De facto, a inovação faz parte do “ADN” do ActivoBank desde 1994, altura em que se designava Banco 7. Em 2001 disponibiliza aos seus clientes, num único banco, soluções de investimento e em 2010 lança um novo conceito que visa transformar a experiência bancária.

Com um percurso marcado por pontos de viragem importantes para o banco e para os clientes, o ActivoBank teve sempre uma linha condutora durante todo o processo, sob a égide de um conceito com a oferta de produtos e serviços inovadores.

A inovação é, sem dúvida, a sua principal característica. Foi o primeiro banco telefónico em 1994, banco de investimento online em 2001, embora fosse um banco completo, mas com uma comunicação dirigida ao investimento e, em 2010, transforma-se e adequa a operação bancária a uma nova realidade e a uma nova geração que estava a surgir com necessidades mais exigentes.

No fundo, este novo banco reforça os valores sempre presentes desde 1994 dando-lhes uma expressão ainda maior.

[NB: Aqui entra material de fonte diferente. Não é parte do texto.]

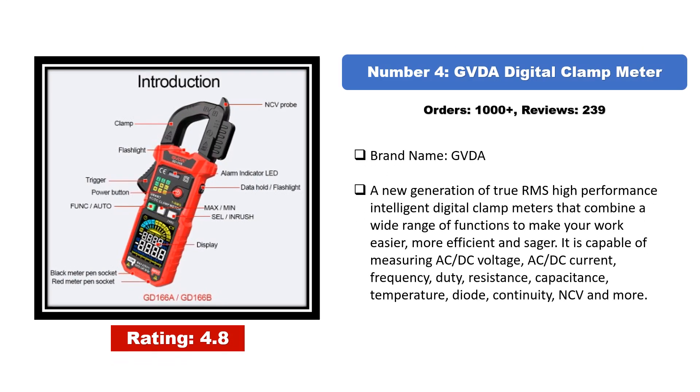Number four: the GVDA digital clamp meter. It is a new generation of true RMS high-performance intelligent digital clamp meter that combines a wide range of functions to make your work easier, more efficient, and safer. It is capable of measuring AC/DC voltage, AC/DC current, frequency, duty cycle, resistance, capacitance, temperature, diode, continuity, NCV, and more.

Em 2017 o ActivoBank é eleito o melhor banco comercial em Portugal pela World Finance. Já tinha sido distinguido com o prémio de melhor banco comercial em Portugal pela revista World Finance em 2016, mas volta a afirmar a sua posição de banco nacional que oferece serviços abrangentes e de caráter inovador.

A comunidade nacional e internacional tem vindo a reconhecer, portanto, o objetivo do banco com vários prémios que o distingue pelo serviço de excelência, canais de comunicação acessíveis e inovadores e pela simplificação dos processos.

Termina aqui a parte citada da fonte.